**What the exercise asks**
Using the entries that follow, transcribe only the lines from the line with "Audio-Technica AT-VMN40XML Replacement" to the line with "San Telmo Suites Buenos Aires Luaran gambar", both included, exactly as they stand and without pictures.

§ §

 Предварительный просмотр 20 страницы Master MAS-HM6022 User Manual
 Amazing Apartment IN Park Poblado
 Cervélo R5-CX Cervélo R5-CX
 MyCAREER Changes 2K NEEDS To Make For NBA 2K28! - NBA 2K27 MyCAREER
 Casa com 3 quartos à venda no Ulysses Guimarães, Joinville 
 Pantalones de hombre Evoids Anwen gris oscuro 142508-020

§ §

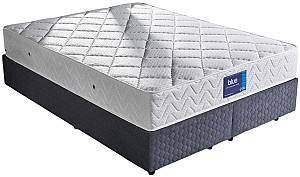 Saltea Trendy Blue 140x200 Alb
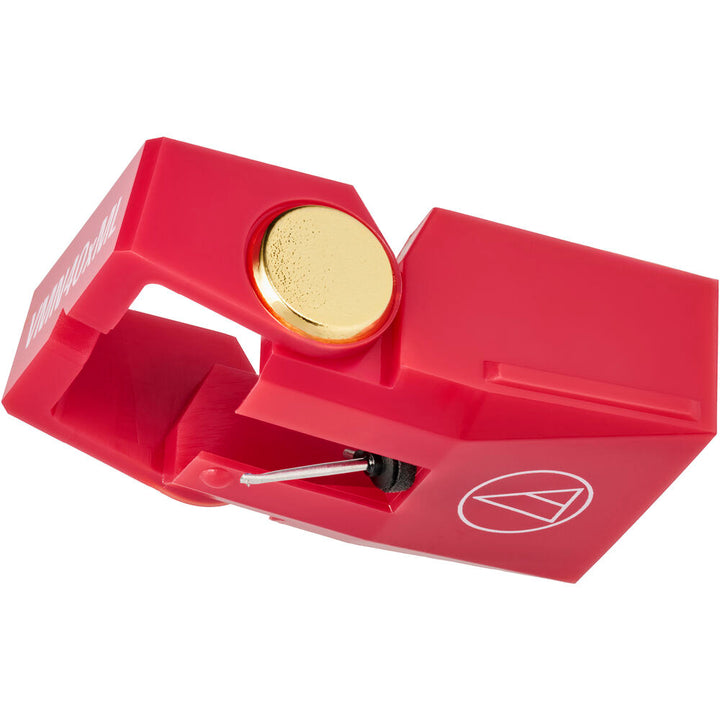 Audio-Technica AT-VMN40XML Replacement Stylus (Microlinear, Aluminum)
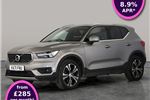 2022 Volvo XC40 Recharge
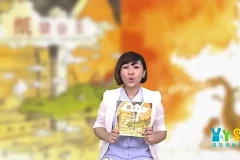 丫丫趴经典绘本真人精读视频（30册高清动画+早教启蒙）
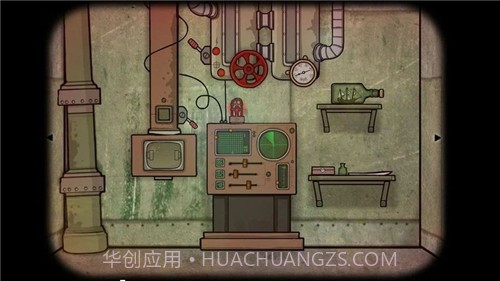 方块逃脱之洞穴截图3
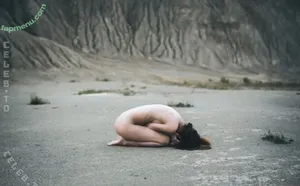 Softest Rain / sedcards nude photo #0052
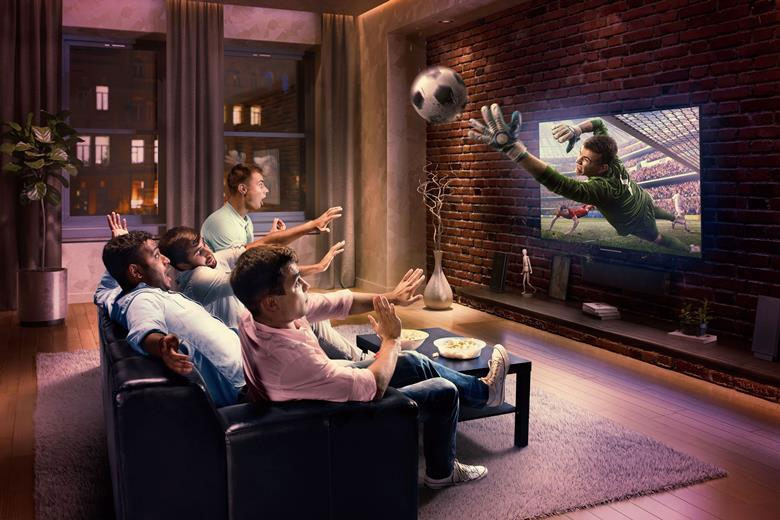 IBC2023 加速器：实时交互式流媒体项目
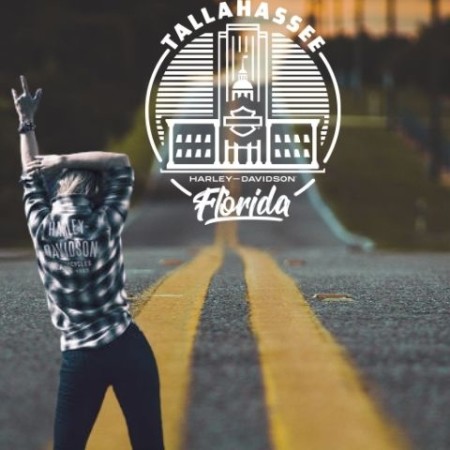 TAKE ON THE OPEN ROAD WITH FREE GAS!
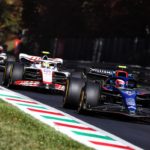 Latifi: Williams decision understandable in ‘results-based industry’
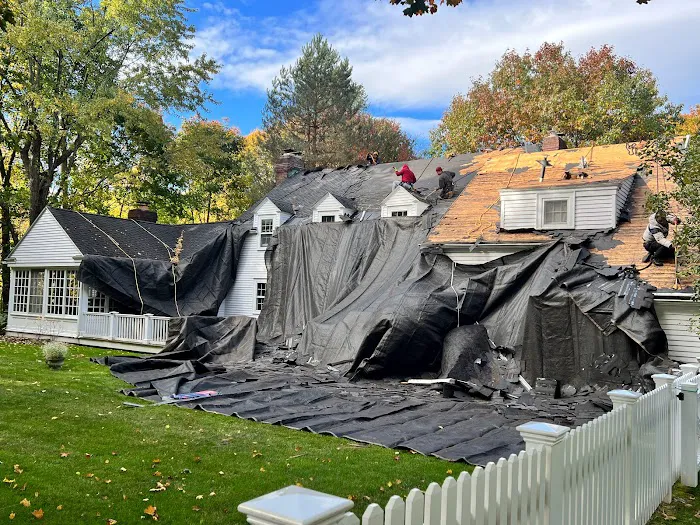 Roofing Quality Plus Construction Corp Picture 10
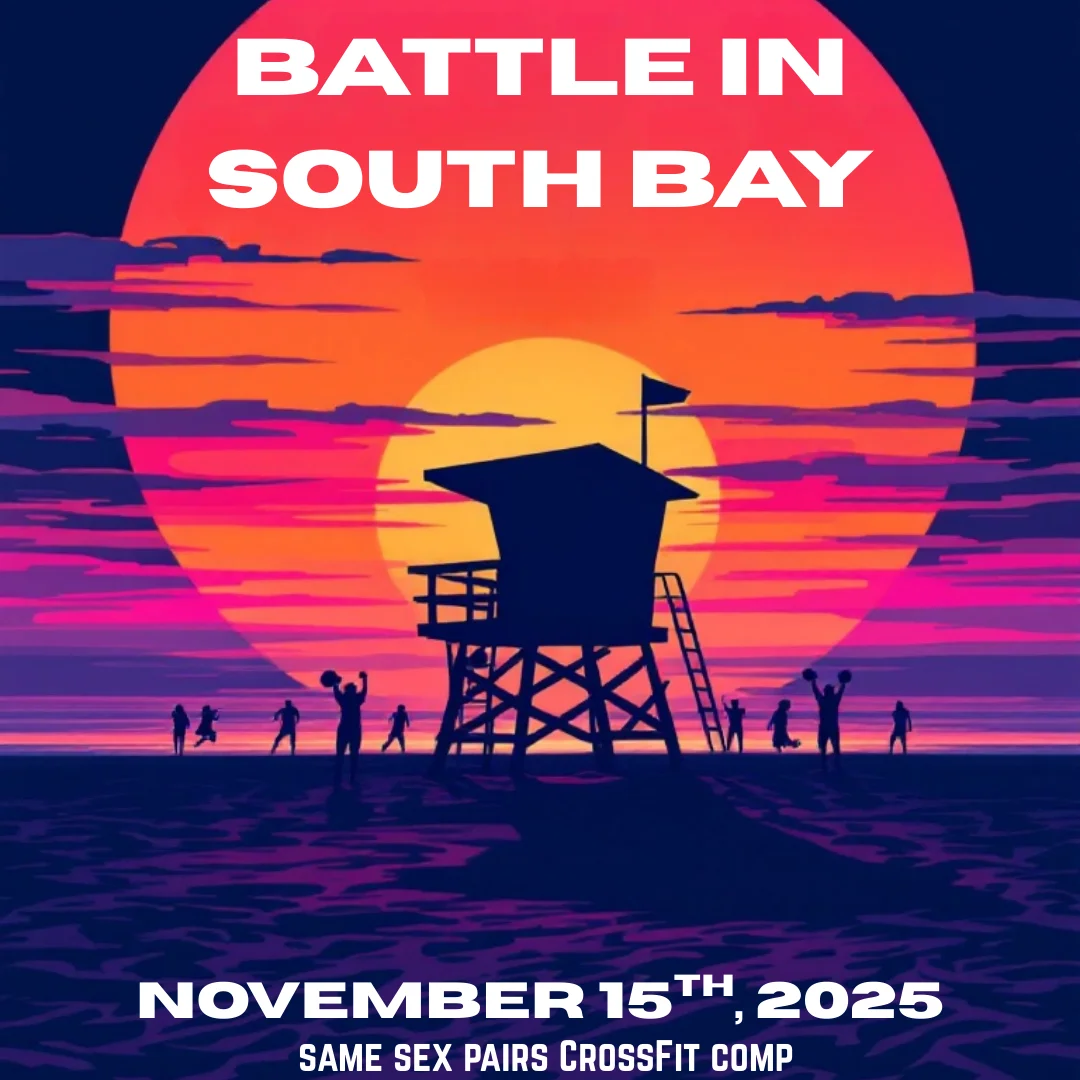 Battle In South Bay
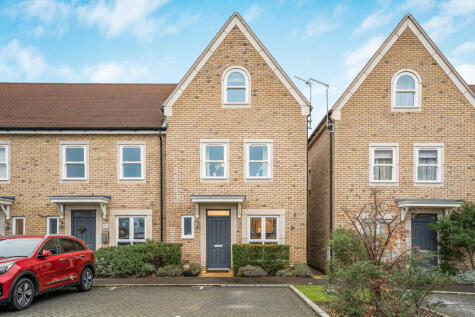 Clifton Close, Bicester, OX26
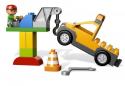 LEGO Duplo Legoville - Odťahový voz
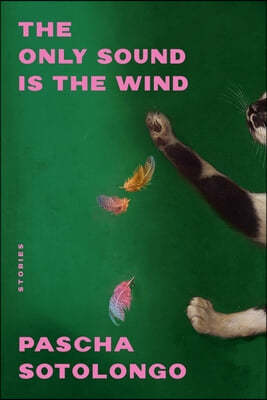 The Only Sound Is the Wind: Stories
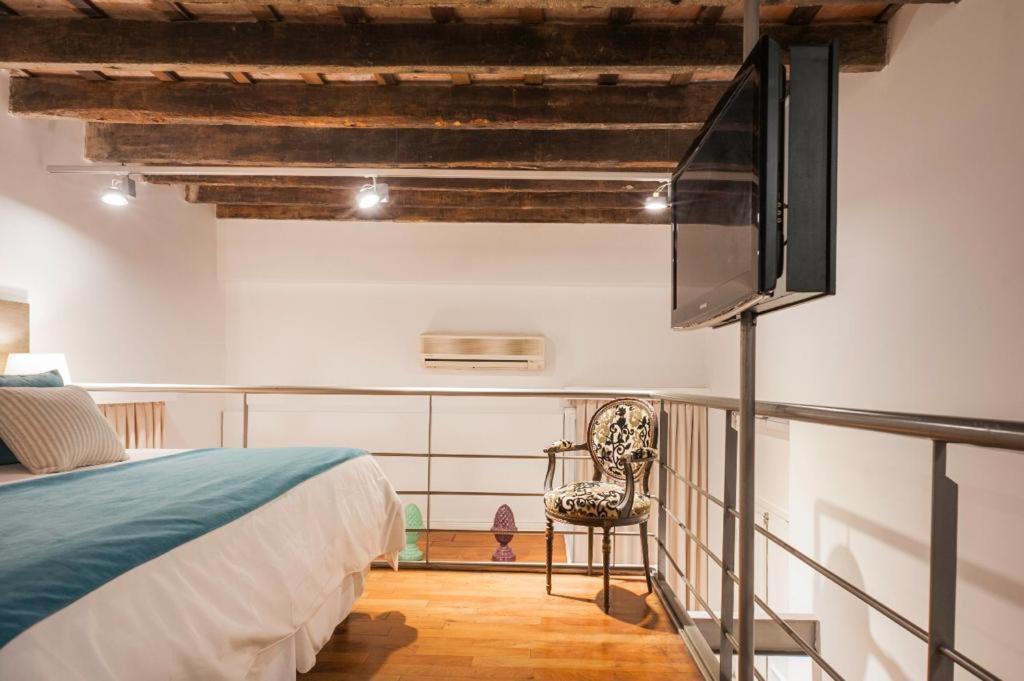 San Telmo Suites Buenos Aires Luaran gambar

§ §

**Solution for this exercise**
 Audio-Technica AT-VMN40XML Replacement Stylus (Microlinear, Aluminum)
 2022 Volvo XC40 Recharge
 丫丫趴经典绘本真人精读视频（30册高清动画+早教启蒙）
 方块逃脱之洞穴截图3
 Softest Rain / sedcards nude photo #0052
 IBC2023 加速器：实时交互式流媒体项目
 TAKE ON THE OPEN ROAD WITH FREE GAS!
 Latifi: Williams decision understandable in ‘results-based industry’
 Roofing Quality Plus Construction Corp Picture 10
 Battle In South Bay
 Clifton Close, Bicester, OX26
 LEGO Duplo Legoville - Odťahový voz
 The Only Sound Is the Wind: Stories
 San Telmo Suites Buenos Aires Luaran gambar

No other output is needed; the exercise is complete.